For Australian investors, the SOL.AX dividend offers a rare blend of reliability and tax-effective income. A 28-year streak of increases, franked payouts, and diversified assets underpin its appeal among dividend growth ASX names. Trailing cash yield sits near 2.7% at about A$38.14, translating to roughly 3.9% grossed-up, with scope to 4.1% in FY26 if prices hold. Still, the high payout ratio against trailing earnings and momentum near overbought levels suggest patience on entry. Our take for 19 January: keep SOL on your watchlist, monitor the 17 March earnings update, and use pullbacks to align yield targets with your income goals and tax position. Always size positions within a diversified portfolio.

FAQs

Is the SOL.AX dividend fully franked, and why does that matter?

Washington H. Soul Pattinson generally pays franked dividends, which may include franking credits that offset tax for eligible Australian investors. Franking can lift the effective after-tax return, turning a 2.7% cash yield into an approximate 3.9% grossed-up yield at current prices. Always check the latest declaration for franking levels, as franking availability depends on profit sources and company tax paid.

What yield can I expect from the SOL.AX dividend today?

On recent pricing around A$38.14 and trailing dividends of about A$1.03 per share, the cash yield is close to 2.7%. With franking credits, the indicative grossed-up yield is around 3.9%, according to recent commentary. Some analysts see scope to roughly 4.1% grossed-up in FY26 if the share price stays near current levels and management maintains its payout trajectory.

How safe is the SOL.AX dividend given current financials?

Balance sheet settings look conservative with low gearing and solid interest coverage. However, the trailing payout ratio on accounting earnings appears high, so dividend capacity relies on look-through cash flows and portfolio distributions. The long record of increases since 1998 supports confidence, but investors should monitor asset-level income, realisations, and management guidance at results to gauge ongoing sustainability.
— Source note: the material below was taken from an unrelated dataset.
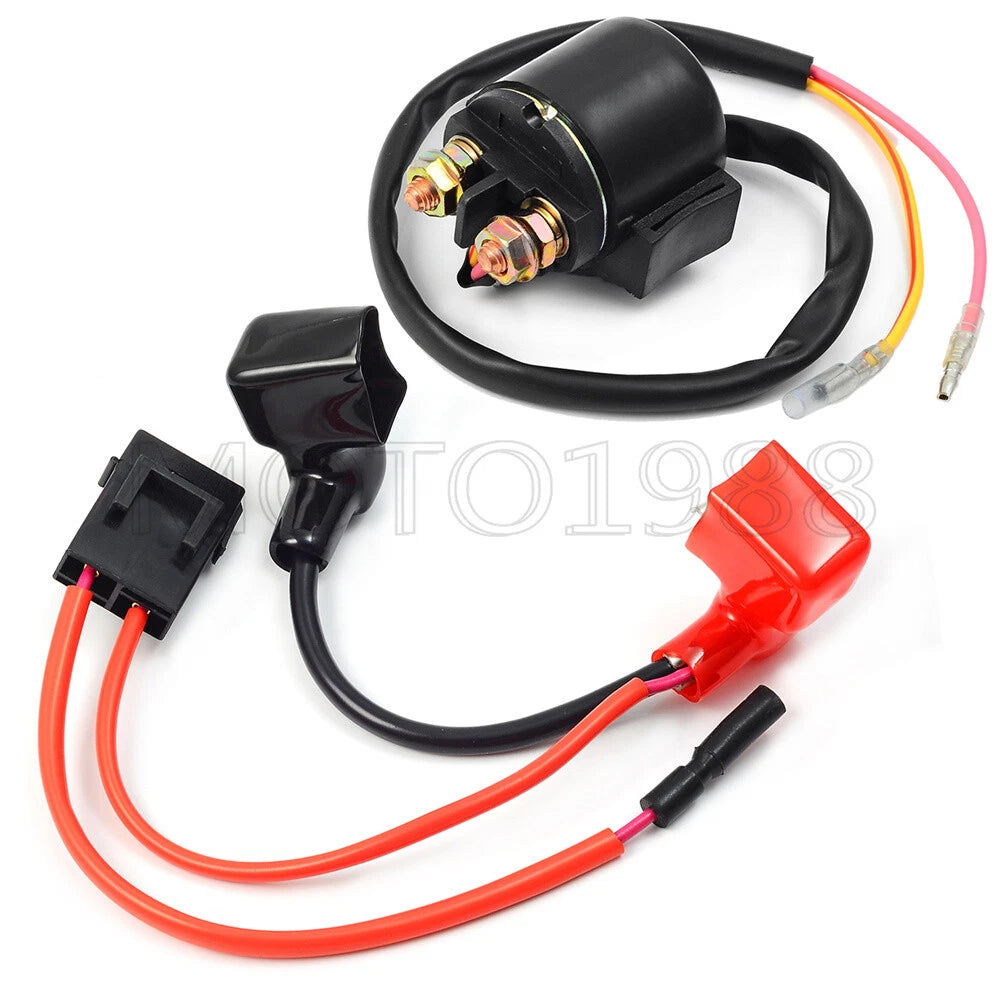 Starter Relay Solenoid Positive Side Battery Cable for Honda TRX300EX (1993–2006)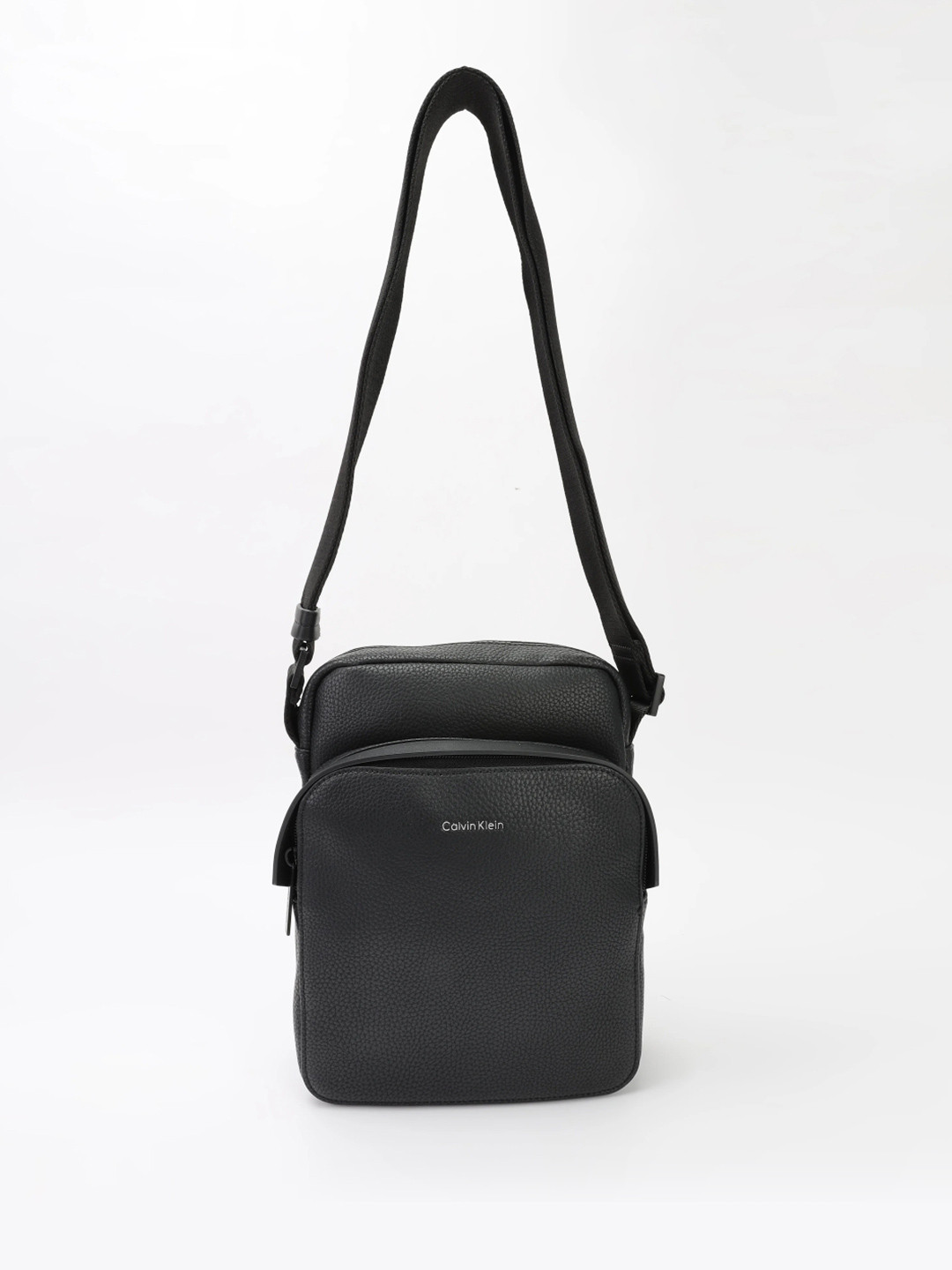Calvin Klein Brand Logo Shopper Sling Bag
When is the next key date for SOL.AX income investors?

The next earnings update is scheduled for 17 March 2026. Investors should look for commentary on dividend plans, franking levels, and portfolio cash generation. Any guidance on asset sales, distributions from holdings, or changes in funding costs will inform payout sustainability and potential growth. Price action around the update may also offer more attractive entry points for yield-focused portfolios.

Disclaimer:

The content shared by Meyka AI PTY LTD is solely for research and informational purposes.  Meyka is not a financial advisory service, and the information provided should not be considered investment or trading advice.